Reading Harvard Business Publishing the other day, I ran across Bill Taylor’s post on how Zappos actually incents people to quit. It’s part of how one extremely high service and collaborative culture works. Here’s an excerpt:
 

"After a week or so in this immersive experience, though, it’s time for what Zappos calls “The Offer.” The fast-growing company, which works hard to recruit people to join, says to its newest employees: “If you quit today, we will pay you for the amount of time you’ve worked, plus we will offer you a $1,000 bonus.” Zappos actually bribes its new employees to quit!

Why? Because if you’re willing to take the company up on the offer, you obviously don’t have the sense of commitment they are looking for."

Shades of an idea I had about ten years ago. Time to trot it out again.

If your company hires an executive search firm (aka headhunter) to do a search, you also get (or at least you used to—it’s been a while since I’ve checked it out) a commitment from the firm to make your own company “off-limits” from searches they run for other firms—to some extent, for some period of time.

The thinking is, if you hire us to steal away someone for you, we’ll promise not to steal your people—at least until you stop paying us the hush money.

And implicit in that thinking is: employees are hard to get, harder to keep. You have to lock employees up. Golden handcuffs for starters. But also, make it disloyal for anyone to leave. Make it a sin to be seen talking to headhunters. Get headhunters to stop seducing your employees. Lock them up. Don’t let them hear about other firms. Tell them they’re much happier working for you—but don’t let them do any direct comparisons.

So it is with the ethos of "attraction and retention" these days. (Why do those terms sound like ad copy for a roach motel?)

 But what if—just imagine—a really forward thinking company, a Zappos wannabee, went to a search firm and said this:

We don’t want to hire you to do a few dozen searches to get new people for us. Instead, we want to hire you to find a bona fide job offer for every one of our existing employees: a legitimate job offer, one offer per person per year, to leave us for someone else.

Because if someone isn’t happy/engaged/fulfilled here, we are committed to helping them become happier/more-engaged/more-fulfilled somewhere else. 
And, if they weren’t in the right place in the first place, we want to know why: was it recruiting, training, leadership, motivation? What went wrong?
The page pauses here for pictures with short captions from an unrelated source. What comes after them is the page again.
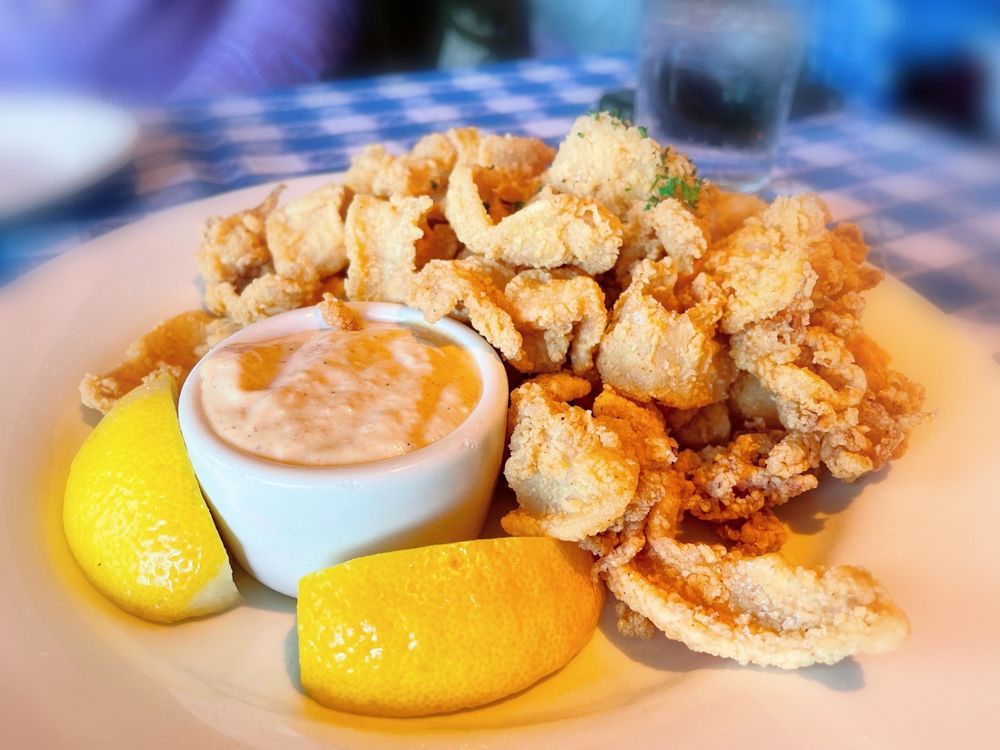 Perry's - Embarcadero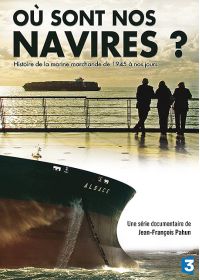 Où sont nos navires ? - DVD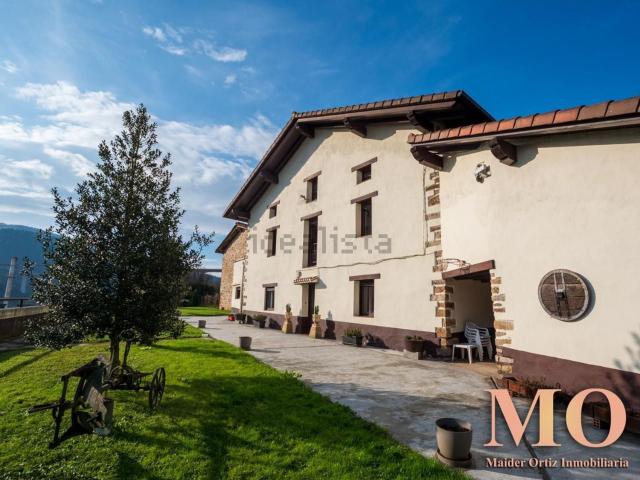 Casa Rural en venta en Bergara, Guipúzcoa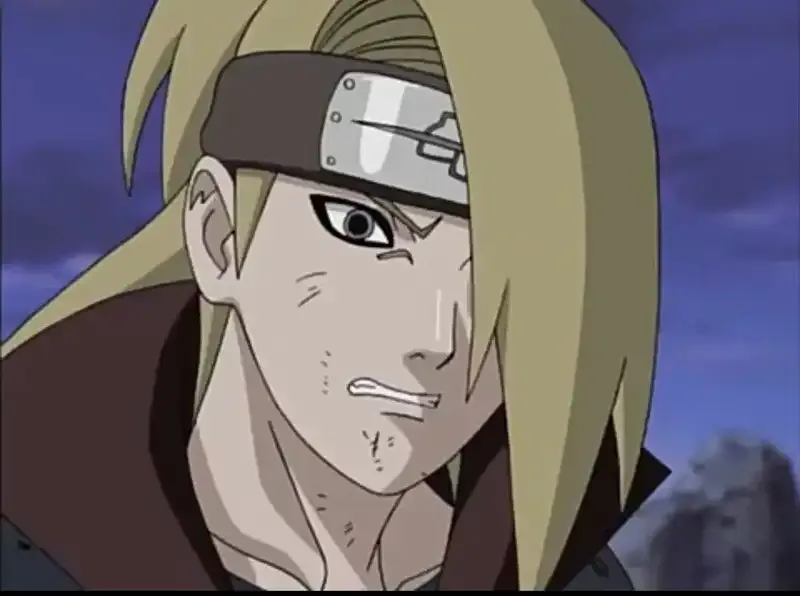 Deidara 51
Why should a company pay to have its people recruited away? Taylor’s answer for Zappos, that it weeds out the uncommitted, is only a part of the truth. The bigger part is that a company which is clearly is committed to long-term personal development at the apparent expense of the company’s short-term economics is a company which will in fact prosper greatly—precisely because it is committed to personal development, and not just until the W2 form relationship is over.

Those who stay have truly re-upped. Those who leave give the company great market research data, and are a walking advertisement for devotion to people development.
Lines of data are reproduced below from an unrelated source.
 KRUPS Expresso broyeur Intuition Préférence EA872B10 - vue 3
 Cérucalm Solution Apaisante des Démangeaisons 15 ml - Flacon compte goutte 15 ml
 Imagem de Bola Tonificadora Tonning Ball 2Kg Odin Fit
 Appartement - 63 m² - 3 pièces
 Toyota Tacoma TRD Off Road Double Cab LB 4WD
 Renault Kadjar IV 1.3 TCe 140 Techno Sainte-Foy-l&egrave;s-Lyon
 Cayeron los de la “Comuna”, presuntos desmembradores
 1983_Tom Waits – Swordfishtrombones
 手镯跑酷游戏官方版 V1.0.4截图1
It’s the familiar trust paradox. Long-term management delivers better short-term results than does short term management. Long-term commitment to people gets better ROI than "human capital" optimization strategies.

An employer that is people-focused enough to constantly offer their people alternatives is a company that is going to attract a whole lot of high-development people.

But, you might say, what’s in it for the search firm? The chance to walk in through the front door for once, rather than skulking around the back. A chance to find great candidates without having to slink around, to actually place great employees in, occasionally, even greater situations. To make a difference. Maybe to even get a better nickname than “headhunter.”

Sounds like a win-win-win to me.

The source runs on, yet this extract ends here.